A book about children’s books is, of course, one for the grown-ups, but it is a subject that holds us long after we’ve joined the readers-aloud rather than the read-to classes. CS Lewis, who was perceptive about the allure of children’s books (he would be, wouldn’t he), observed that he read children’s books with pleasure as an adult in the same way that as an adult he still enjoyed lemon squash; the difference was that he now also enjoyed port. The point is, grown-up literary pleasures do not cancel out childish ones (at least, not the good sort); they just add to them.
Sam Leith is the best kind of guide to this world in which we once wandered. He is fair-minded but terrifically opinionated; good on secondary sources without getting bogged down; excellent at analysing the technical merits of a story but not too grown-up to forget how he once listened to them – his book begins with his own father reading to him from Rudyard Kipling’s Just So stories “…O Best Beloved”. And he quotes with approval Edith Nesbit (if you haven’t read Five Children and It, what are you waiting for) – who said that she could remember exactly what it was to be a child; in fact that the only way to understand a child was through memory.
He captures, too, the dual nature of children’s stories: for the child, its freedom to identify with a character who doesn’t have the constraints of normal children – hence all those orphans and joyously parentless protagonists. For the adult reader, or writer, the genre represents “freedom from adult responsibilities, freedom from loss and sorrow… the children’s writer is able to imagine him or herself as a child again”. It’s striking how many writers had traumatic childhoods that they could put right in story, or idyllic childhoods that they could recapture.

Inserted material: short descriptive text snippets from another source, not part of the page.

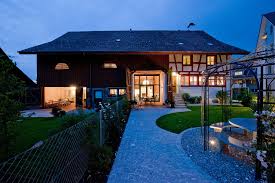 umbau bauernhaus volketswil bauernhaus renovieren aussen haus haus renovieren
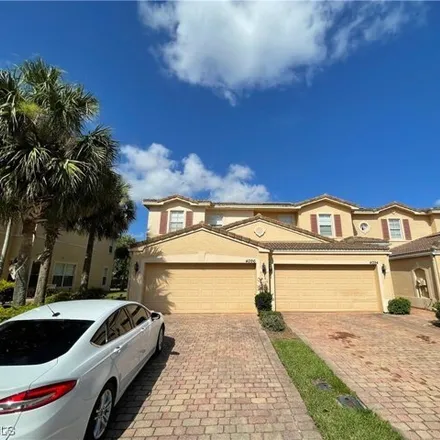 Rent this 3 bed house on 3858 Cherrybrook Loop in Fort Myers, FL 33966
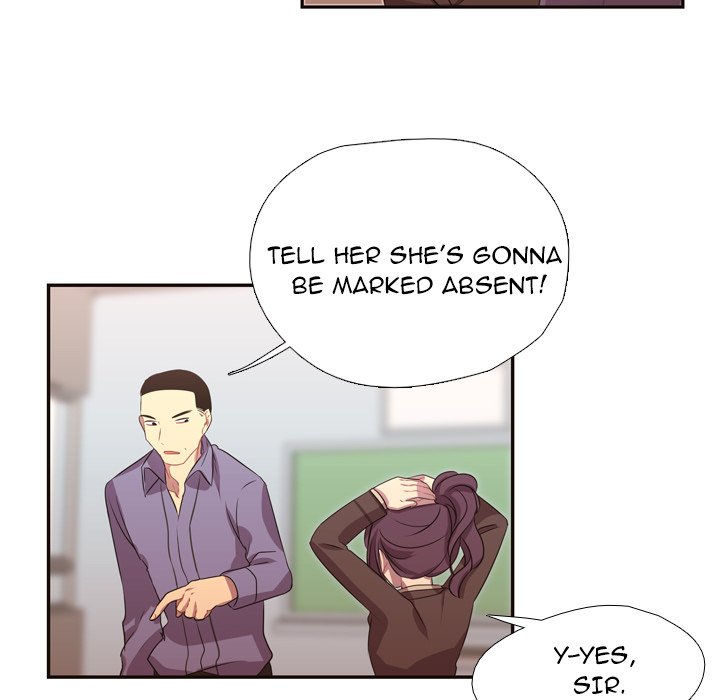 I Need Romance I Need Romance EP 10 - Toomics page 29 - 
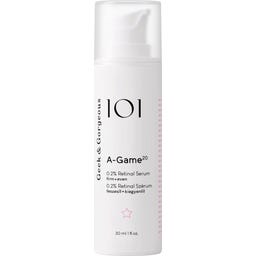 Geek & Gorgeous A-Game-20 0,2% Retinal Serum - 30 ml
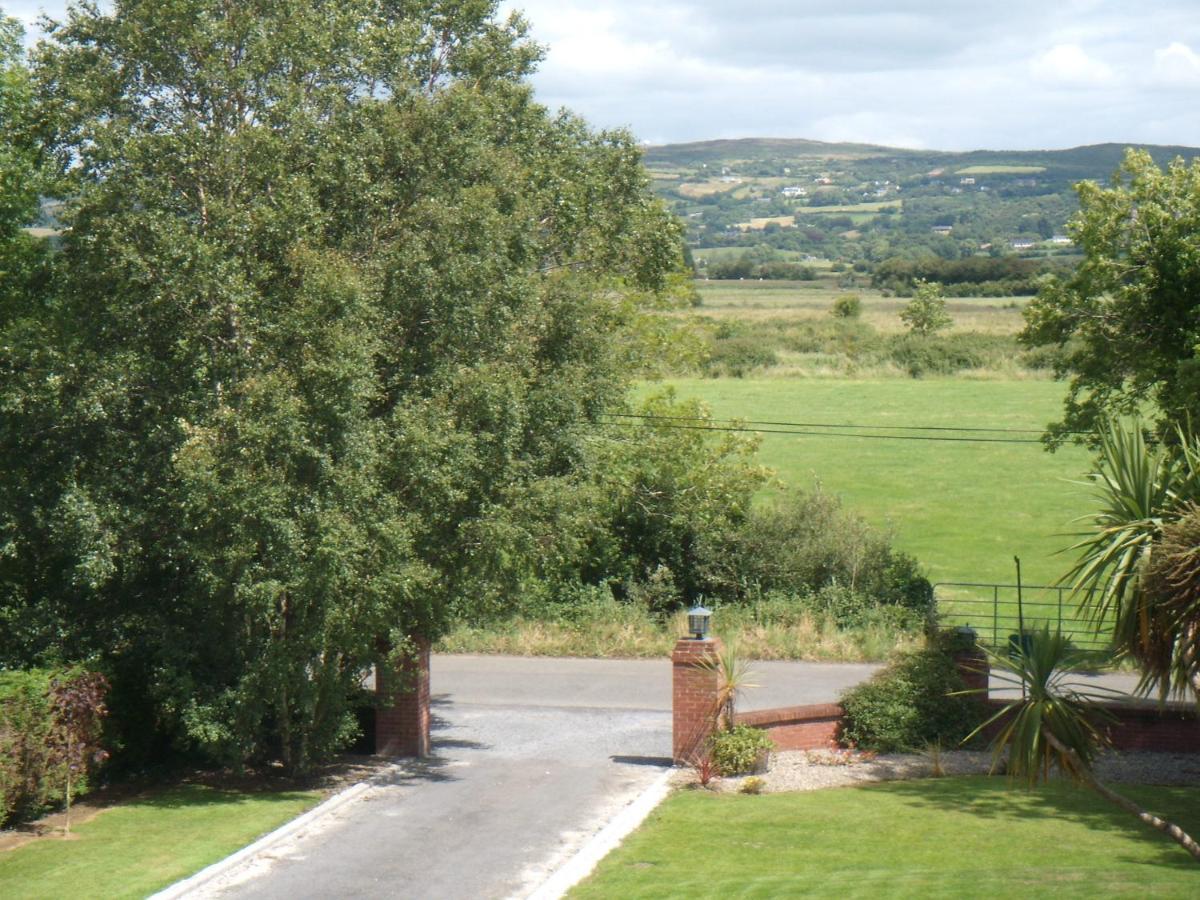 Bunratty Heights Guesthouse Exterior foto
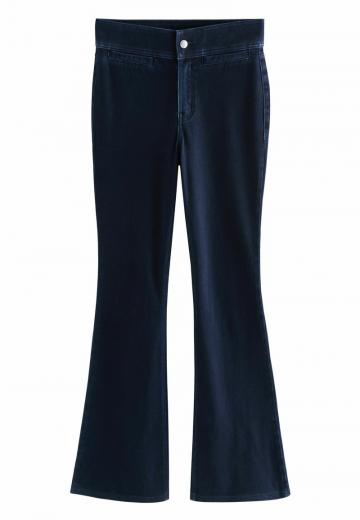 Клешеные брюки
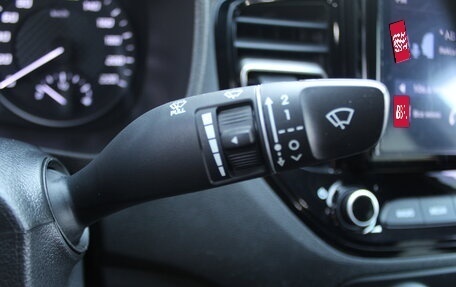 Hyundai Solaris II рестайлинг, 2021 год, 1 720 000 рублей, 17 фотография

Grown-up literary pleasures do not cancel out childish ones, they just add to them
This journey through the genre is chronological. It begins before there were children’s books at all, with Aesop and the moral stories and the folk tales, through the Grimm Brothers’ Household Stories and the courtly fairytales of Charles Perrault. These weren’t intended for little ’uns; Leith reminds us, some of Grimm is way too dark for children. As JRR Tolkien put it, stories are like those pieces of furniture which start out being used by everyone and, as they get battered and shabby, finally end up in the nursery. So many of the tales come in one form or another from the ancient world, get repurposed and fragmented and reappear in other stories. Books appear within books; remember in Little Women how the girls act out characters from Pickwick? There’s a lot of that.
The turning point in this account comes with the Edwardians. For it was then, Leith feels, that publishers designated and marketed children’s books as such; it’s odd to think that a generation earlier, Little Lord Fauntleroy was a hit with everyone. Alice in Wonderland was, even in its own day, a stretch for young children, which was why the author produced the Little Folks abridged edition, the form in which most children should read it. Perhaps the Edwardians didn’t so much create the genre as gave it a firm commercial impetus. Onwards and upwards, then, to JK Rowling.
There are so many old friends to meet here, so many authors you long for other people to read, and now perhaps they shall. At the end, Leith pays tribute to the illustrators without whom many stories would not have taken wing at all. Instead of naming the favourites, it’s easier to note the omissions: no John Masefield (The Box of Delights!), no Joan Aiken (Black Hearts in Battersea!), no Edward Ardizzone, incomparable illustrator. But he got so much right; mustn’t complain.
The Haunted Wood: A History of Childhood Reading by Sam Leith (Oneworld, £30) is out now.